Por seu lado, Luís Newton, Presidente da Junta de Freguesia da Estrela, não estranha que seja esta a realidade porque também não lhe chegou qualquer informação relativa a este assunto.
«Apesar da ausência de feedback, isto caía muito dentro daquilo que dissemos que ia acontecer. Estamos preocupados com os moradores de toda a encosta. Solicitámos documentos ao Metropolitano sobre a segurança dos edifícios e não recebemos nada», denuncia, frisando que «as fundações dos edifícios não assentam na rocha» e, devido a esse problema, a JF terá contactado com a colaboração de engenheiros que esclareceu as suas dúvidas. «Colocámos essa questão e não obtivemos qualquer resposta por parte do Metropolitano».
«O Metropolitano fez um conjunto de vistorias dentro do corredor de circulação do túnel e identificou rachas existentes. Devia ter alertado a população daquela zona e pedido que o contactassem se surgissem mais rachas», conta Luís Newton, comentando que, atualmente, a JF da Estrela está em contacto com a entidade pública empresarial por causa da expansão da Linha Vermelha.
«Eles não nos disseram nada e, honestamente, nós também não temos mais novidades para lhes dar porque os moradores estão a recorrer à comunicação social, em primeiro lugar, para tentarem obter uma resposta mais rápido e não a nós», constata Newton, considerando, ainda assim, que «o Metropolitano devia explicar às pessoas aquilo que se passa. Sentem as casas, que não são propriamente resistentes e não têm uma estrutura pensada no âmbito do cimento e do betão armado a tremer. É normal que fiquem assustadas».

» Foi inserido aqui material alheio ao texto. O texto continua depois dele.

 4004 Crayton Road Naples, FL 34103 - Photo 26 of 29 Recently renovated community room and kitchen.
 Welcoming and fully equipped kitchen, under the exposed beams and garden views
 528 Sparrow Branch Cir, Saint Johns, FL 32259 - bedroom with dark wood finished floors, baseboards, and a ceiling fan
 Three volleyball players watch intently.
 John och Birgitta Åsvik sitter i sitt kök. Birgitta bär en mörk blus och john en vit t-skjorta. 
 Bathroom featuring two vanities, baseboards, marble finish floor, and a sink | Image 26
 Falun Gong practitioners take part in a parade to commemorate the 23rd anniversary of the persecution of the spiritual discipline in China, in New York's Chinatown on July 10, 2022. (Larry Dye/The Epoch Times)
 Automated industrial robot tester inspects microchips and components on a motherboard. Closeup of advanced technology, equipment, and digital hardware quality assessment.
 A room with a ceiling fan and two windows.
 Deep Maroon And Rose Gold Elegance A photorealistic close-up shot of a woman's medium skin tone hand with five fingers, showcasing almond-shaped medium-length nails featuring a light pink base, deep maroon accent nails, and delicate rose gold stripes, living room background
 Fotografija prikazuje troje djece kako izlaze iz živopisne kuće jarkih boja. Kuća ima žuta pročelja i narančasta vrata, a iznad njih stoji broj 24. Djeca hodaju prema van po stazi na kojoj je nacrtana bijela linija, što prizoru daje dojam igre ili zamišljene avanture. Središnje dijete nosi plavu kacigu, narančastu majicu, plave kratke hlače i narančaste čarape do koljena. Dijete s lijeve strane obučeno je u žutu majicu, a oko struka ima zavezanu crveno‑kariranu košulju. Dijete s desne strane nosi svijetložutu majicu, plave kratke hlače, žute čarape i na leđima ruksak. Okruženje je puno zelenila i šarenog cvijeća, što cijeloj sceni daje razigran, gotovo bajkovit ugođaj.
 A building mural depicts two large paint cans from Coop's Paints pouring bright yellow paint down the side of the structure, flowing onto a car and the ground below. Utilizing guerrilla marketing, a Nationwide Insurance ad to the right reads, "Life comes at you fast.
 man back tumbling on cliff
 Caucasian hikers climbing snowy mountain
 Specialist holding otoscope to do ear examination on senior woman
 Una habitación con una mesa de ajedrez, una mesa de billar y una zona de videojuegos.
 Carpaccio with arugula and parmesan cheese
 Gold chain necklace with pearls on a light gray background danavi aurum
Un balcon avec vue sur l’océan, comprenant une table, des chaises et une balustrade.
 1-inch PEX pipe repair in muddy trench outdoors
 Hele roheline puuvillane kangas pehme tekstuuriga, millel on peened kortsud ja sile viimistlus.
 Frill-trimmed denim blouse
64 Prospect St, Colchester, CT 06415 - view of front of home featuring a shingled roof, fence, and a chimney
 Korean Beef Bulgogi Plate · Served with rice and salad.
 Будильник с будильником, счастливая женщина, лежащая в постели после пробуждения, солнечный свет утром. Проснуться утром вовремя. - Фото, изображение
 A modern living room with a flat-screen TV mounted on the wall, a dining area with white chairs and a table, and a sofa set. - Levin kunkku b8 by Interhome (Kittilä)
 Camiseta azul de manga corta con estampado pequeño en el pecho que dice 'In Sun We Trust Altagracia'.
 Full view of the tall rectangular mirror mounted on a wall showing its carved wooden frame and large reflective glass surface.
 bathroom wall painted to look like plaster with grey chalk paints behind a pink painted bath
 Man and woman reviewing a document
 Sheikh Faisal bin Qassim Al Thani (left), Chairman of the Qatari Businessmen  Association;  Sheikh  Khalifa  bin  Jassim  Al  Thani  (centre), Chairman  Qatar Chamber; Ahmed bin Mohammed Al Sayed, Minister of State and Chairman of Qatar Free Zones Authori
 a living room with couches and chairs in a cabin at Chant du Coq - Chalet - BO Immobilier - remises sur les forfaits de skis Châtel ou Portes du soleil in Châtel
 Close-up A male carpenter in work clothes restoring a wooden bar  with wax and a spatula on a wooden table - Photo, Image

«Vivem numa incerteza muito grande e imaginam os piores cenários. Se não há problema nenhum, se não há ciência nenhuma nisto e é tudo muito simples, eles que esclareçam as pessoas», justifica o também Presidente da bancada do PSD na Assembleia Municipal, compreendendo que os idosos são aqueles que «entram em pânico mais facilmente porque pensam que, se acontecer alguma coisa, não têm mobilidade e não podem mexer-se com tanta facilidade».
«A verdade é que ninguém os tranquiliza. Não há cuidado com as pessoas. O Metropolitano podia ter enviado a informação para nós, avaliávamos e depois tentávamos mediar esta situação», diz, apelando aos habitantes da Estrela para que confiem na sua Junta de Freguesia, a informem das questões que os incomodam e permitam que a mesma faça a verificação dos problemas para encontrar uma solução.
«As pessoas, nestas zonas, vivem com receio daquilo que o dia seguinte lhes reserva. Sempre que os cidadãos tiverem alguma questão, podem e devem dirigir-se à JF. Temos estado muito ativos nesta matéria», conclui.